The na\"ive approach described in Section \ref{sec:simple_inlining} of scanning
forward from the function entry to the first {\tt ret} instruction breaks down
quickly if we want to handle control flow. Partial inlining requires this, so
our decoding algorithm has to handle control flow past the first {\tt ret}
instruction. Even our simple {\tt check\_access} instrumentation routine jumps
past the first ret, as shown in Figure \ref{fig:alignment_asm}.
Our decoding algorithm simply remembers the furthest forward branch target, and
decodes up until at least that address. Once we have passed that address, we
continue decoding until we reach a {\tt ret}, a backwards branch, or a probable
tail call. Our heuristic for identifying tail calls is to check if the target
address is not between the entry address and the entry plus 4096. Our choice of
cutoff is arbitrary and has not been tuned, but it is unlikely that a single
instrumentation routine will be larger than 4096 bytes.
After decoding, we rewrite all the branches to use labels inserted in the
instruction list instead of raw PC values.

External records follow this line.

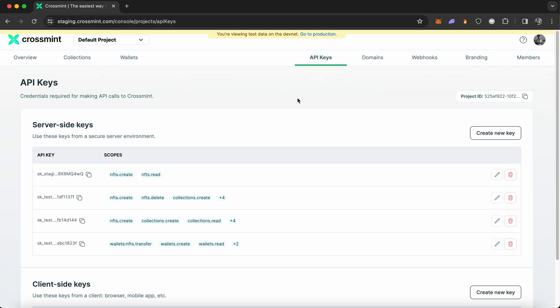Now, before we begin, please ensure that you have an account created on CrossMint's console. If you do not have an account created on CrossMint, please create one using the link in the description.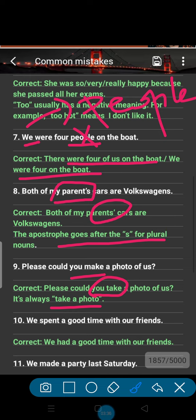Number 10: 'We spent a good time with our friends.' Here 'spent' is not the appropriate verb. The correct sentence is 'We had a good time with our friends.' Number 11: 'We made a party last night' — again, the verb is wrong. You should say 'We arranged a party' or 'We had a party last night,' not 'made a party.'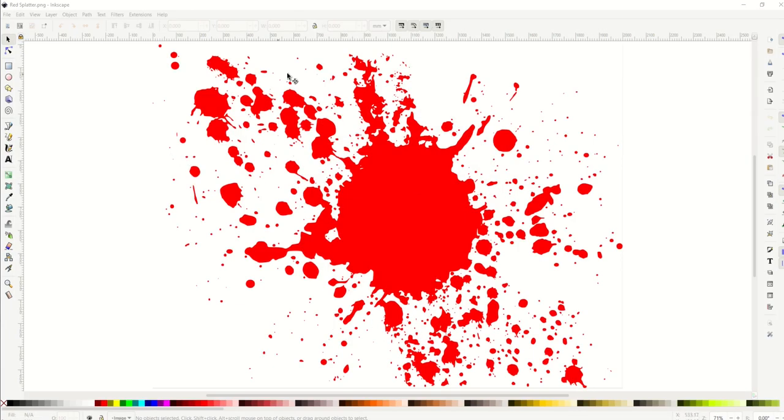In this video, I'm going to show you how to export a PNG so that it has a transparent background, and I'm going to show you how to set it up as a default so it'll happen every single time.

This allows us to follow a branch to
a later point in the stream during optimization.
With the instruction list in hand, we proceed to partial inlining.
\begin{figure}
\begin{verbatim}
TAG 0x0000000000404670
+0 mov %edx -> %r8d # Copy size to r8
+3 mov %rdi -> %r10
+6 lea 0xffffffff(%r8) -> %eax # (size - 1)
+10 test %rax %rdi # ea & (size - 1)
+13 jz $0x00000000004046b0 # First branch for if
+15 mov <rel> 0x0000000000618764 -> %edi
+21 test %cl %cl
+23 mov $0x004133e6 -> %edx
+28 mov $0x004133eb -> %eax
+33 cmovnz %rax %rdx -> %rdx
+37 cmp %edi $0xffffffff
+40 jz $0x00000000004046b8 # Branch past ret
+42 mov %r8d -> %r9d # Merge point
+45 mov %r10 -> %rcx
+48 mov %rsi -> %r8
+51 xor %eax %eax -> %eax
+53 mov $0x00413470 -> %esi
+58 jmp $0x00000000004039e8 # Tail call to dr_fprintf.
+63 nop
+64 ret %rsp (%rsp) -> %rsp # First branch target
+66 data16 nop 0x00(%rax,%rax,1)
+72 mov <rel> 0x0000000000618770 -> %rax # Target of second branch
+79 mov 0x70(%rax) -> %edi
+82 jmp $0x000000000040469a # Backwards jump to +42
END 0x0000000000404670
\end{verbatim}
\caption{Assembly for the {\tt check\_access} instrumentation routine from our
alignment checker.}
\label{fig:alignment_asm}
\end{figure}
\section{Inlining the Fast Path}
\label{sec:inlining_fastpath}
Once we have the full routine instruction stream, we scan from the entry point
to the first control flow instruction. In the assembly listing of Figure
\ref{fig:alignment_asm}, it is the first {\tt jz} instruction at point +13
bytes. If it is a conditional branch, as it is in the example, we scan forward
from both branch targets: the fall-through target and the branch taken target.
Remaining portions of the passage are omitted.